I've been looking for robust type hints for a pandas DataFrame, but cannot seem to find anything useful. This question barely scratches the surface Pythonic type hints with pandas?
Normally if I want to hint the type of a function, that has a DataFrame as an input argument I would do:
import pandas as pd
def func(arg: pd.DataFrame) -> int:
return 1
What I cannot seem to find is how do I type hint a DataFrame with mixed dtypes. The DataFrame constructor supports only type definition of the complete DataFrame.

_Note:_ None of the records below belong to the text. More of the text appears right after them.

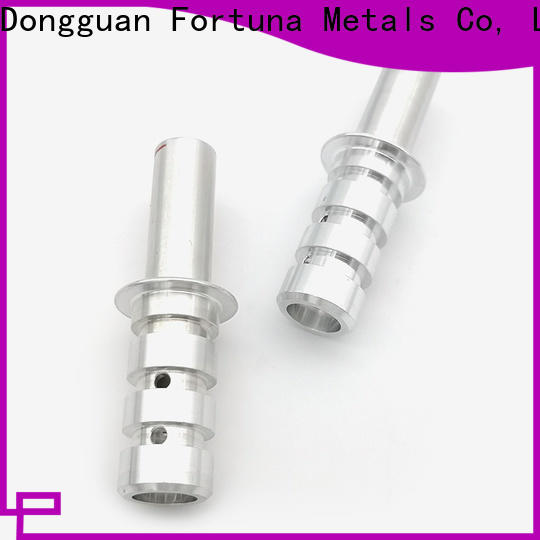 advance automotive metal stamping components maker for electrocar
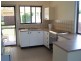30 Short Street, Wellington NSW 2820
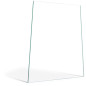 Glass for 19/21/24" Robo/IP Glass for 19/21/24" Robo/IP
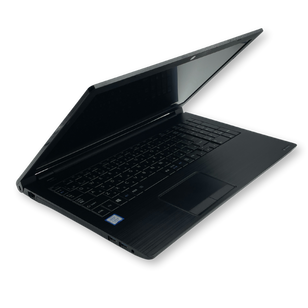 dynabook(東芝) B55/M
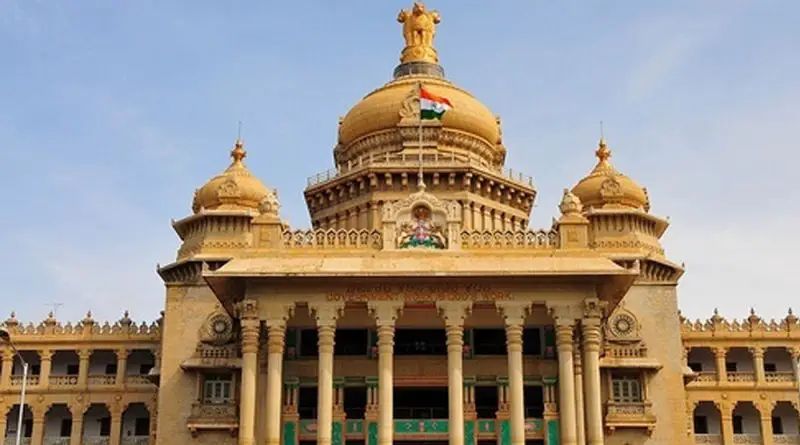 n68126348217580340626175017145b2dab791ccf964ed7a32a4c175c41f857899667f67f9fe8d5d39aae5b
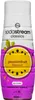 Sodastream Sirup Set Zero 3x440ml Rote Beeren Holunder Produktbild-Vorschau 4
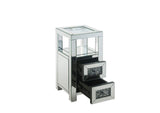 97956 Noralie Accent Table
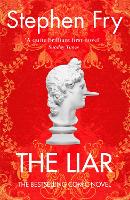 The Liar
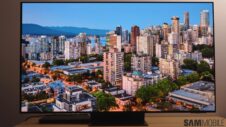 Samsung S95D TV review: Unmatched glare-free QD-OLED brilliance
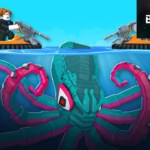 Fishing Wars Roblox Codes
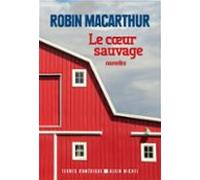 Le Coeur Sauvage (ebook)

So to my knowledge changes in the dtypes can only occur afterwards with the pd.DataFrame().astype(dtypes={})
function.
This here works, but doesn't seem very pythonic to me
import datetime
def func(arg: pd.DataFrame(columns=['integer', 'date']).astype(dtype={'integer': int, 'date': datetime.date})) -> int:
return 1
I came across this package: https://pypi.org/project/dataenforce/ with examples such as this one:
def process_data(data: Dataset["id": int, "name": object, "latitude": float, "longitude": float])
pass
This looks somewhat promising, but sadly the project is old and buggy.
As a data scientist, building a machine learning application with long ETL processes I believe that type hints are important.
What do you use and does anybody type hint their dataframes in pandas?